The Last Year Of Met Radio?
For 64 years the Metropolitan Opera has been broadcast on radio every saturday afternoon while the company was in season. But this season may be the last. The broadcasts have “been a cultural lifeline for generations of listeners, both those who live in places far removed from any opera company and those who may live just a subway ride from Lincoln Center but can’t afford to attend. They are carried by some 365 stations in the United States, as well as in Canada, Mexico, South America, 27 European countries, China, Japan, Australia and New Zealand, reaching, according to the opera company’s most recent survey, an estimated total of more than 11 million. The Met has been unable to obtain a new sponsor to pick up the annual $7 million cost of the broadcasts.”
Cold Weather Equals Good Violins
The wood used by the old master Italian violin makers was special – the product of a mini ice age in Europe. “Trees grow slower in colder weather, producing denser wood for that season. So, narrower tree rings grow in cold weather than rings grown in warmer seasons. Narrow tree rings would not only strengthen the violin but would increase the wood’s density, the researchers said. The change in climate therefore made a difference to the violins’ tone and brilliance, they said.”
Comeback In St. Louis?
Two years ago, the smart money in the orchestral world said that the St. Louis Symphony Orchestra would be lucky to exist in 2004, and that even if it survived, its downward spiral of debt and disorganization would cost it its place in the top ranks of American orchestras. Since that dismal time, the SLSO has scrambled back from the fiscal precipice, shored up its organization, and, this week, hired one of the most celebrated young conductors of his generation, David Robertson, as music director. With Robertson on board, the orchestra is convinced that it will shortly complete one of the great comebacks in industry history.
Telegraph: Iraq’s Orchestra Inspiring
The Washington Post may have dubbed it a “show concert,” but the audience in Washington, D.C. was clearly moved by the music-making of the Iraqi National Symphony in its American debut this week. “The mournful strains of the balaban (a distant cousin of the oboe) and the haunting screech of the oud (the forerunner of the lute), [made] a captivating premiere at the Kennedy Center,” says Alec Russell, and the Post failed to make mention of the hundreds of Iraqi expatriates who lined up all morning in the snow just to get tickets, or the rousing ovation of the (mostly) non-partisan crowd.

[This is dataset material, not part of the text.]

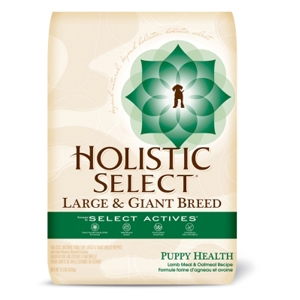 Holistic Select Large Breed Puppy Food Lamb, 15 lb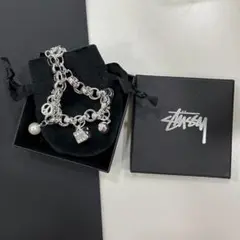 【限定】STUSSY Icon Charm Bracelet ブレスレット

Pittsburgh Opera Cutting Back
The Pittsburgh Opera, which has been looking for ways to trim its budget, is announcing that it will cut back the number of productions it mounts next season from five to four, and will replace the fifth opera with something called a “special production.” The company says that the cutback will give it much-needed financial breathing room, and stresses that it isn’t in anything approaching dire fiscal straits.
A Whiff Of Elgar
A long-forgotten 42-second piece of music by Elgar is being recorded by the Hallé orchestra in the BBC’s Manchester studios. It’s “thought to have been the world premiere of a composition Elgar completed more than 80 years ago.”